- Country: Afghanistan
- Location: Surobi District, Kabul Province
- Coordinates: 34°33′21″N 69°28′45″E﻿ / ﻿34.55583°N 69.47917°E
- Purpose: Electricity
- Status: Operational
- Construction began: 1952
- Opening date: 1966
- Owner: Ministry of Energy and Water

Dam and spillways
- Type of dam: Gravity
- Impounds: Kabul River
- Height: 10 m (33 ft)
- Length: 67 m (220 ft)
- Elevation at crest: 1,645 m (5,397 ft)

Power Station
- Operator: Da Afghanistan Breshna Sherkat
- Annual generation: 40 MW

= Mahipar Dam =

Dam in Kabul Province of Afghanistan

The Mahipar Dam is located on the Kabul River next to the Kabul–Jalalabad Road in the western part of the Surobi District in Kabul Province of Afghanistan.
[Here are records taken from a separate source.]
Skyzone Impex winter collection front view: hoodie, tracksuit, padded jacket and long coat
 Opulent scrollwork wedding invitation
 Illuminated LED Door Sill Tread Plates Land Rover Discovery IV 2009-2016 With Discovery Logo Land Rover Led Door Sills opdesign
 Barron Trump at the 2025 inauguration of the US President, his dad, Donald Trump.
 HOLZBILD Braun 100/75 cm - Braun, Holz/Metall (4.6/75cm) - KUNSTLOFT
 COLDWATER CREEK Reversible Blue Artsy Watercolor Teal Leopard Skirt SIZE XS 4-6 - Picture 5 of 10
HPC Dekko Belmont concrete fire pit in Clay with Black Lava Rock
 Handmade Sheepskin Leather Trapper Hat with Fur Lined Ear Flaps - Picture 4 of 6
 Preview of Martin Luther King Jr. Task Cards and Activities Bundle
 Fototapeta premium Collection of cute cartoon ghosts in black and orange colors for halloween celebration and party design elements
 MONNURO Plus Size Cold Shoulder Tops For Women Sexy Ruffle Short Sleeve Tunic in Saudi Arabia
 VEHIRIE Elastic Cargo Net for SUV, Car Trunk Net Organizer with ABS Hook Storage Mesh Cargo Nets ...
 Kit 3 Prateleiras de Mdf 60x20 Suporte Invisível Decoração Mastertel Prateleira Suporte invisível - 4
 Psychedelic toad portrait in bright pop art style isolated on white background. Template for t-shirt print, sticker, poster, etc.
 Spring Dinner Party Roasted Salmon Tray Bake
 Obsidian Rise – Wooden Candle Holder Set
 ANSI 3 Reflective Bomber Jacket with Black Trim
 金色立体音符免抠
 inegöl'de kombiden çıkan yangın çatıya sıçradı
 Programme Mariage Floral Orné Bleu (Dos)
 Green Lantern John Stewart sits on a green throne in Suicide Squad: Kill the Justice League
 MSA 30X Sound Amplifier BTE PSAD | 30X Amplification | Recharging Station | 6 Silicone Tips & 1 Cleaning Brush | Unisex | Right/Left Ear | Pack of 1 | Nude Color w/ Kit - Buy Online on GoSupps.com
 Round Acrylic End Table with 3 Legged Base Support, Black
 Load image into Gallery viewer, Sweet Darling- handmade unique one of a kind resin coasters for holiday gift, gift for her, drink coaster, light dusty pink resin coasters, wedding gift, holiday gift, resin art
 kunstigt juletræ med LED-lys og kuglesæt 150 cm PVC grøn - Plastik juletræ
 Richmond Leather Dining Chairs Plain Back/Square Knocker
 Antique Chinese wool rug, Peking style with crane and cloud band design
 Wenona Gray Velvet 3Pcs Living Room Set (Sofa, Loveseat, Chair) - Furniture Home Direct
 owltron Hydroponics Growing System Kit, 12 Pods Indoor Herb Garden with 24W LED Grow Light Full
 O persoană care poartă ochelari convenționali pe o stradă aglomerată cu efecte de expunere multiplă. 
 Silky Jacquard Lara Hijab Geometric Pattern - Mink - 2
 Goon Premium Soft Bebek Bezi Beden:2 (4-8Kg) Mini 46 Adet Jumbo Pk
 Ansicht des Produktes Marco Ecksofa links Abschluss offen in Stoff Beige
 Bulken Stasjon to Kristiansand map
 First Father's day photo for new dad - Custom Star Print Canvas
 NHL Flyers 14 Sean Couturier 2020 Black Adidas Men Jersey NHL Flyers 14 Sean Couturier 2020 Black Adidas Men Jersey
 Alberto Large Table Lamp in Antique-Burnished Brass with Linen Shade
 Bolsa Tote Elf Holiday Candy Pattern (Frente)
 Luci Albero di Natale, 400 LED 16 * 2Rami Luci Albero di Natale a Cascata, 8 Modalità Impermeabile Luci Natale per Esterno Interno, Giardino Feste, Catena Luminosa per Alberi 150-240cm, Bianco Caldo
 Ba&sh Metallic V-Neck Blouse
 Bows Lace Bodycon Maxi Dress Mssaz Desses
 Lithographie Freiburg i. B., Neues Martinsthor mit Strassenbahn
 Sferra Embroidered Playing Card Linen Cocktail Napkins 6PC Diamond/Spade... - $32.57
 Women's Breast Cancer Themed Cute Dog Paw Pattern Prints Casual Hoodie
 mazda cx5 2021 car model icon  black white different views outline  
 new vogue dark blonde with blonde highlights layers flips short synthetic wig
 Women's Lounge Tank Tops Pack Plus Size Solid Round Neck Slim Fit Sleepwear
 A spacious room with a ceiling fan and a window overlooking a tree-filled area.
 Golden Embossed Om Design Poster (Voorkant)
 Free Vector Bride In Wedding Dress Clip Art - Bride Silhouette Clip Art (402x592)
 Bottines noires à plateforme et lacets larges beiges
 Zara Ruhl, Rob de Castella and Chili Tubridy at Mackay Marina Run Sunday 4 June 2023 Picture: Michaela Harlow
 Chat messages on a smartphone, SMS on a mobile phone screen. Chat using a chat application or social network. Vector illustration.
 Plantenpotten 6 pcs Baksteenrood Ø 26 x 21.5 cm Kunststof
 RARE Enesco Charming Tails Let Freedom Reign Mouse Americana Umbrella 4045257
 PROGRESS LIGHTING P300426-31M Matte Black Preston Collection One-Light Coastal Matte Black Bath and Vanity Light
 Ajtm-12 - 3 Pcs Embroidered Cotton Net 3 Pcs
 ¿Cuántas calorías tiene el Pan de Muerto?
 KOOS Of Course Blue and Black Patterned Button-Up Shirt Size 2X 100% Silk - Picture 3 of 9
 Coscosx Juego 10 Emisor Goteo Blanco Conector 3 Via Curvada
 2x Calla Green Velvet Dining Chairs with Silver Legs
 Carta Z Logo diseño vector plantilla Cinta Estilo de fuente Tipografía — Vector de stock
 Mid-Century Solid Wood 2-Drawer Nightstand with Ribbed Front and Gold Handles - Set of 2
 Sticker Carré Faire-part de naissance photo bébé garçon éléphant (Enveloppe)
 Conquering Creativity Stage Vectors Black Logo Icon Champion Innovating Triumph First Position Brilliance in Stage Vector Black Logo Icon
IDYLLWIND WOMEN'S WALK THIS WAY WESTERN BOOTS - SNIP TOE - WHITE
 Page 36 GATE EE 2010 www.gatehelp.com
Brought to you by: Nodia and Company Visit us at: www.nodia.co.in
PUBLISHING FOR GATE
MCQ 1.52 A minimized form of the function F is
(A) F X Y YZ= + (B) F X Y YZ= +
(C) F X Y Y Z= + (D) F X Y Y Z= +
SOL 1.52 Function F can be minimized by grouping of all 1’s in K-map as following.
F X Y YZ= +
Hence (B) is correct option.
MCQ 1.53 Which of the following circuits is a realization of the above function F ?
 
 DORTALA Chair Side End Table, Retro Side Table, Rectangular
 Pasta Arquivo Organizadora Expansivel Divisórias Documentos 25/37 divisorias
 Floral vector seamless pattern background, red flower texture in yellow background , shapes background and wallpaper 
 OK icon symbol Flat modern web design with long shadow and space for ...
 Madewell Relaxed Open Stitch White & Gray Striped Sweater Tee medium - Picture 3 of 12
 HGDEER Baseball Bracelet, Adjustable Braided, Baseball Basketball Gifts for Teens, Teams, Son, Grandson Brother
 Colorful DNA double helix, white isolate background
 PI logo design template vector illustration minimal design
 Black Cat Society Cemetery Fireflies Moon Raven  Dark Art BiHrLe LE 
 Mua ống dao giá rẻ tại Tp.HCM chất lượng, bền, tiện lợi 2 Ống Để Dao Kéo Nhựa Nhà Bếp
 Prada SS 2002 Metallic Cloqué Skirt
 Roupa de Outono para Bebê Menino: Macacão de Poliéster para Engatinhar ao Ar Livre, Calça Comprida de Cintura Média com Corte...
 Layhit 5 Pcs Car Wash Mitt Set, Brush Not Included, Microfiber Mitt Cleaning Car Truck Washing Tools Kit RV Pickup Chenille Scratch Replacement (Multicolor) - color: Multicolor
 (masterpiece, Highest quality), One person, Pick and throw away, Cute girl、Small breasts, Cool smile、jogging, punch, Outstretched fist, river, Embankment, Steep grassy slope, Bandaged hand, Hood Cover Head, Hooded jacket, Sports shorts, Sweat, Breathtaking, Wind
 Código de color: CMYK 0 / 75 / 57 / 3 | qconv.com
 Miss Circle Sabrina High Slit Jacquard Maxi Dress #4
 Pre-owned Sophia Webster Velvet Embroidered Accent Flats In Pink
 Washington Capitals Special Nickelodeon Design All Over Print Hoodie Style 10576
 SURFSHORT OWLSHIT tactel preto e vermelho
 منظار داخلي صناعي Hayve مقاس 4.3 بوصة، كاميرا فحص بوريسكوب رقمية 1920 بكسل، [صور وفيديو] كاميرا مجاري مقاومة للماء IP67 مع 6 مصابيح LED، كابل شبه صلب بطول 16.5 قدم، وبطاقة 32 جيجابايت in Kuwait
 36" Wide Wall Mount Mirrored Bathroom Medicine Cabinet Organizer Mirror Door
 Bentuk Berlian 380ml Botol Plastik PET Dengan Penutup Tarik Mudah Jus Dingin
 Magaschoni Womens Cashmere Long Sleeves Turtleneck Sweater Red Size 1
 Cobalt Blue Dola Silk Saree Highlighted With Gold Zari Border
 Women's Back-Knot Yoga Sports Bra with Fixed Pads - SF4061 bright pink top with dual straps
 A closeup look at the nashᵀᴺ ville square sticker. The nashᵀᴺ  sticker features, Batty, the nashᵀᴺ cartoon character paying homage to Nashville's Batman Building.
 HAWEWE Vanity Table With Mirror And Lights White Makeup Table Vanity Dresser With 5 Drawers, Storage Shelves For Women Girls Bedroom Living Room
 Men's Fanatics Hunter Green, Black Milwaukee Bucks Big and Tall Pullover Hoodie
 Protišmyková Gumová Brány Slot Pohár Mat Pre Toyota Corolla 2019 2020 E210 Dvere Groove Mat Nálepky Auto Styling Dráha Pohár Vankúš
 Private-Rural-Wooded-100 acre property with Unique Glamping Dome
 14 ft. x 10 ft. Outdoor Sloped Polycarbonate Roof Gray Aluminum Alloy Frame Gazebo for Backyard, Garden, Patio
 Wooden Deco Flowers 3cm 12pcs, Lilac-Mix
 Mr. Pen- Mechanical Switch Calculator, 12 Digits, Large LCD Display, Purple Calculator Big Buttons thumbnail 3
It is about 30 km away from the center of Kabul. It is a gravity dam owned and maintained by the country's Ministry of Energy and Water.

The Mahipar Dam was built in 1952 with the cooperation of Germany. It has a power station with 3 turbines that produce up to 40 megawatts of electricity. The power station is operated by Da Afghanistan Breshna Sherkat.